Strictly they are not the same but as many have pointed out, there is an isomorphism between:

$$\biggl\{ f: I \to \bigcup_{i \in I} A_i \;\bigg|\; \forall i \in I: f(i) \in A_i \biggr\}$$

and

$$ \bigl\{ (a_1, \dots, a_n) \;\big|\; a_i \in A_i \text{ for } i = 1, \dots, n\}$$

the isomorphism is the one that psl2Z mentioned in his comment:

$(a_1,a_2,\ldots,a_n) \mapsto f$, where $f : \{1,\ldots,n\} \to \bigcup_{i \in I} A_i$ and such that $f(1) = a_1$, $f(2) = a_2$ $\ldots$ $f(n) = a_n$.

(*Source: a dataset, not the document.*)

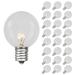 Novelty Lights 25 Pack G50 Outdoor Patio Globe Replacement Bulbs Clear E17/C9 Intermediate Base 7 Watt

Viceversa, if you have a function $f : \{1,\ldots,n\} \to \bigcup_{i \in I} A_i$ such that $f(i) \in A_i$ forall $i \in \{1,\ldots,n\}$, then you identify $f \mapsto (f(1),f(2),\ldots,f(n))$.

Notice that we use $I = \{1,\ldots,n\}$, but we can use an arbitrary set, in your example $I = \{a,b\}$ and $A_1 = A_2 = \{1,2\}$, so you get

\begin{align} \{1,2\} \times \{1,2\} & := \{f : \{a,b\} \to \cup_{i \in \{a,b\}} A_i | f(i) \in A_i\} = \{f_1,f_2,f_3,f_4\}\tag{1} \end{align}

where

$f_1 : \{a,b\} \to \{1,2\}$ where $f_1(a) = 1$, $f_1(b) = 1$,

$f_2 : \{a,b\} \to \{1,2\}$ where $f_2(a) = 2$, $f_1(b) = 2$

$f_3 : \{a,b\} \to \{1,2\}$ where $f_3(a) = 1$, $f_1(b) = 2$,

$f_4 : \{a,b\} \to \{1,2\}$ where $f_2(a) = 2$, $f_1(b) = 1$,

we identify these four functions with the previous said isomorphism:

$f_1 \mapsto (1,1)$

$f_2 \mapsto (2,2)$

$f_3 \mapsto (1,2)$

$f_4 \mapsto (2,1)$

So we can use both definitions.

Answer 3

These are clearly equivalent, in fact canonically isomorphic, which is the best we can hope for in a definition like this. Whether we write a pair as $(a_1, a_2)$ or $\bigl( f(1), f(2) \bigr)$ or $\bigl\{ (1, f(1)), (2, f(2)) \bigr\}$ is immaterial.

Here, I've chosen to use the same index set $I = \{1, 2\}$ to compare the two definitions, so as not to have to put in another isomorphism $\{1, 2\} \leftrightarrow \{a, b\}$.